It's been explained countless times. The world has come together and numerous societies have agreed to not give money to North Korea. There is no comparable discussion or agreements about restricting communications among individuals. It's asinine to ignore all of the history and turmoil of North Korea, just about as asinine as creating a crypto currency for the espress purpose of funding the Kim regime.
Hello, I read your twitter thread. While privacy is absolutely important, your reasoning is fundamentally flawed. In the context of financial transactions, we know from a ridiculous amount of history with banking regulations that it's not ordinary people who benefit from having complete privacy and anonymity in all matters. It's criminals and fraudsters who lie and misrepresent themselves to conceal the source of their funds and their activities. They'll gladly continue to use their privacy as a weapon to disguise themselves and further rob and steal. There is no other group that benefits as much from being able to transfer large amounts of money secretly. This can be verified over and over again, ask any traditional company that processes international remittances.
It doesn't really matter what kind of political activism you believe you're engaging in: the reality is, these nasties are the main people that benefit. They absolutely love what you're doing. Anyone involved in cryptocurrency, even tangentially, is complicit in this fraud because it's the only way these currencies have any significant value to begin with. And it will continue to happen for the indefinite future, because even with this new move ETH will still have no capital controls to prevent any of the massive market manipulation that happened over the last few years, that drove tons more fraud and ransomware and also resulted in the recent crash.
A system that tries to give privacy but does nothing to stop fraud is just creating worse problems under the false guise of helping people. I ask that you please stop working on these things and please stop promoting them until you can dial the whole thing back to rectify this situation. Any kind of "censorship resistance" without fraud prevention is not going to work. If enough people put their heads together they can solve this, but it will not happen with any of the supposed "privacy solutions" you mentioned. Yes, I'm aware the traditional finance system also has many of the same problems. It's not helping to recreate the exact same system but with even more layers of technical debt around it, which is essentially all you'll be able to do with any of the suggested tools.
The system you have built specifically and explicitly provides much less cover to the Russian citizens than it does to Putin's regime, who will gladly adopt it and then turn around and use the proceeds to further oppress, murder and destroy. It is a net loss for privacy.

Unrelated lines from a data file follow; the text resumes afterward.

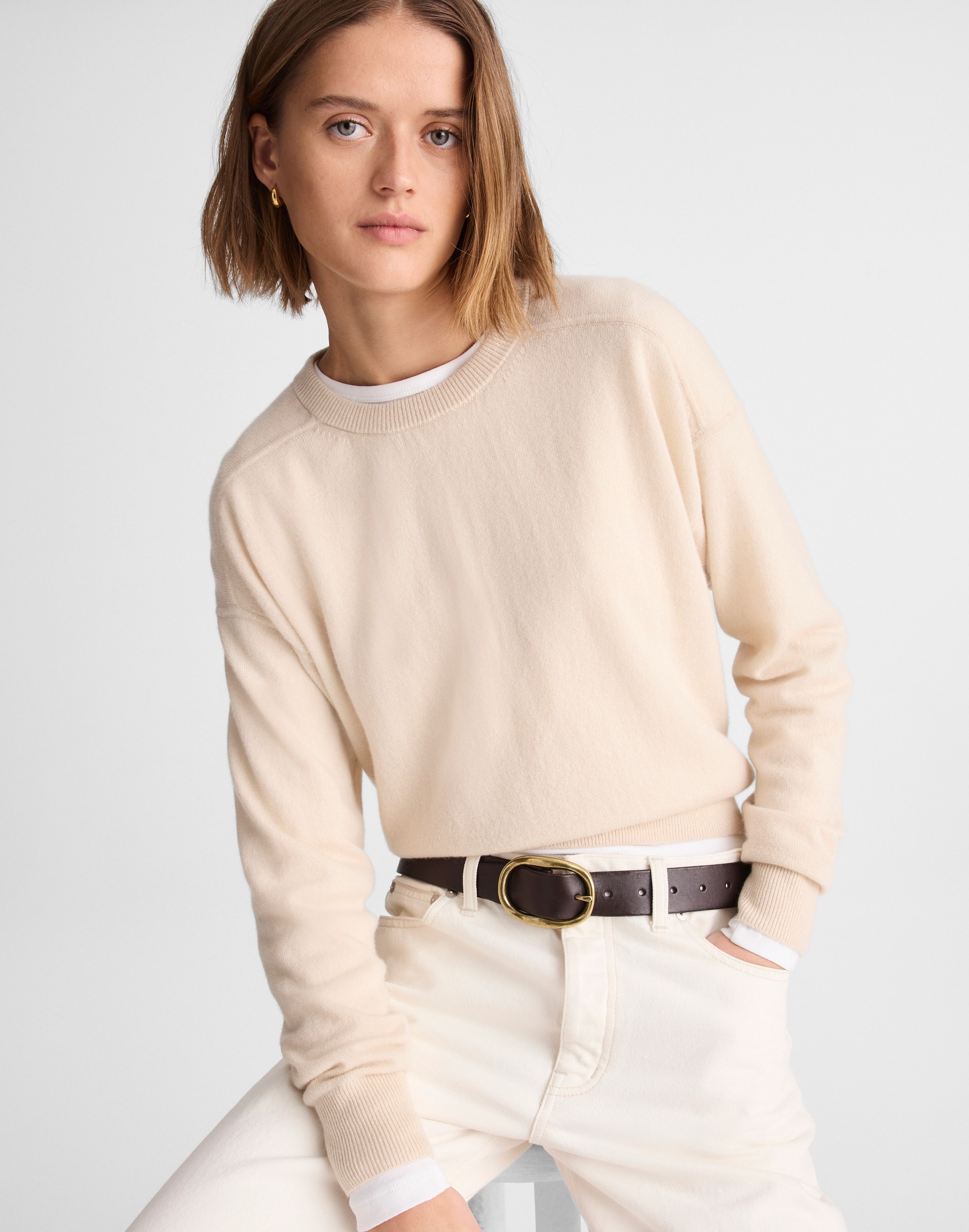 Crewneck Sweater in Cashmere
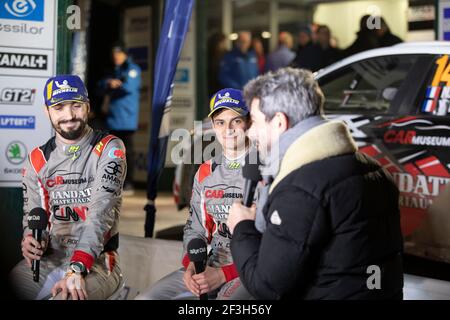 14 CIAMIN Nicolas, ROCHE Yannick , Volkswagen Polo , portrait lors du championnat de rallye français 2019, Rallye du Touquet du 14 au 16 mars au Touquet, France - photo Gregory Lenormand / DPPI Banque D'Images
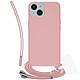 Jaym Coque pour iPhone 15 en Silicone avec Cordon et Sangle Inclus Rose Revêtement extérieur en silicone soft-touch pour une prise en main confortable et anti-glisse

When we have a system that could prevent transactions, you'd think the most common use case is to prevent criminals to transact dirty money. But the most common use case is most likely China freezing dissidents' assets and blocking all alternative ways for them to safely emigrate.
It's not about whether Ethereum is American, it's about whether Americans can use Ethereum, or in fact the citizen of any western democracy, they pretty much all have harsh sanctions against NK and Iran. The list of countries that sign up to the FATF list the author was talking about includes the whole of the G20 plus several other countries.

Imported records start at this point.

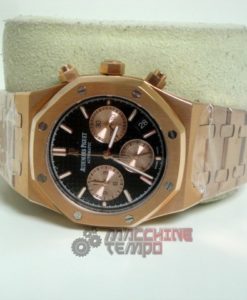 audemars piguet replica chrono offshore leo messi rose gold black dial imitazione copia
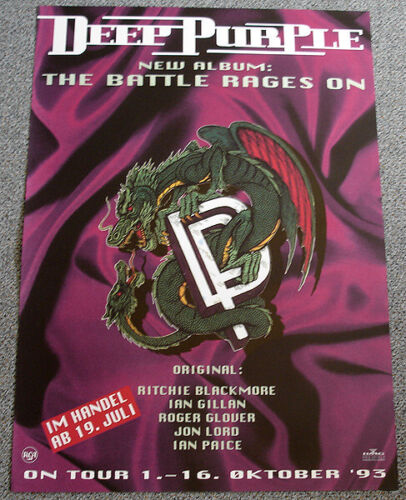 Original Poster Plakat - Deep Purple : The battle rages on - Format: DIN A1 - Bild 1 von 1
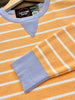 River Lavender Trimmed Striped Sweater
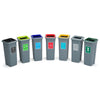 Compact Colour-Coded Recycling Bin – 50L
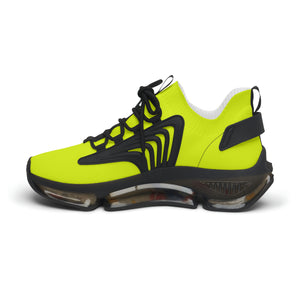 Officially Sexy Women's Neon Yellow & Black Skyline Collection Mesh Sneakers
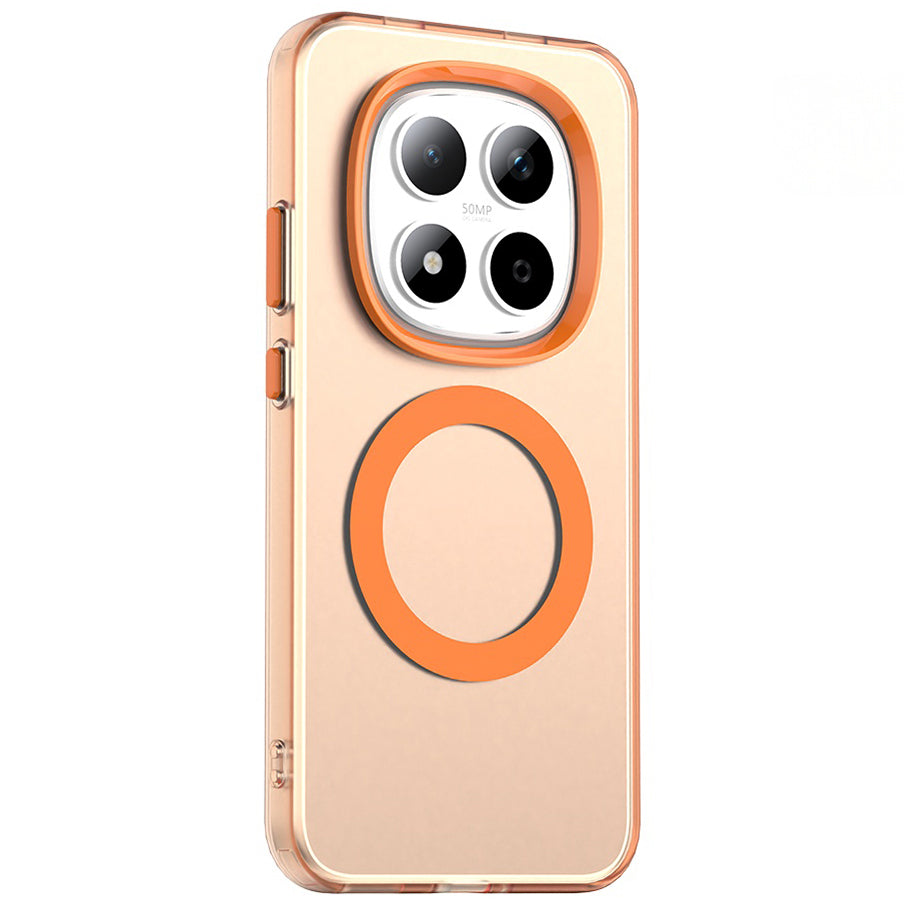 Handyhülle für Xiaomi Redmi Note 15 Pro 5G, Techsuit CandyCase MagSafe, Orange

Not anymore, see lack of counter sanctions on oil buyers in India and China of Russian oil. (Even though oil buyers in China have significantly increased their purchase volume and Indian purchases of Russian oil have increased 3100%, not a typo, YoY)
Of course Washington doesn't want to give the Russian, Chinese, and Indian establishments common cause against the US.

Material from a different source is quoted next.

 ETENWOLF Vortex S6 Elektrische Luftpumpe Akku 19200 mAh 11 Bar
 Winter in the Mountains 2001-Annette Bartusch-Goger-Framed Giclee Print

The complexities and intricacies of geopolitics (which is both driven and impacted by history, culture, school of taught, incentives,.. etc) are literally like a DC Comic Movie in the minds of some people with United States being the superhero world police who will crush evil with a mighty army and restore democracy and peace throughout the world..
What happened to Dotcom is fairly normal in the case where someone in country X is doing something that violates similar laws in both country X and country Y, more of the damages are occurring in country Y than in country X, and X and Y have extradition treaties.
On the other hand, North Korea is the way it is because they've rejected our neo-liberal ideology. I think much like TOR did for Iraq this would actually move them away from China and closer to us.
EDIT (out of comment quota): I'd hope not but I'm not convinced they aren't. It sure seems to degenerate into that more often than not.
Nobody said it was necessary. Hell, it arguably doesn't count as a rejection of neo-liberal ideology in the first place (see also: Guantanamo Bay, Japanese internment camps, and border camps all previously or currently existing within the archetype for neoliberalism).
Convenient feature especially for countries that are heavily under sanction. Isn't the alleged creator of Ethereum Russian? His father is a Russian computer scientist?
I'm going to be really impressed and surprised if this ends up working (moving ETH to PoS). I'm still fairly skeptical. It seems like PoS has so many issues that come up with additional complexity being added to handle them. Worried it's increasing the attack surface too much and making a system that's not going to be able to be secured. That being said, I hope it works but it's been "two months from merge" for 5 years so hard to say
I have been professionally close to the situation for more than four years, and it has never been "two months from the Merge" before. It was expected to be in about four years about five years ago. That's the most it's been delayed so far, which is impressive in my view given how much novel research has been required.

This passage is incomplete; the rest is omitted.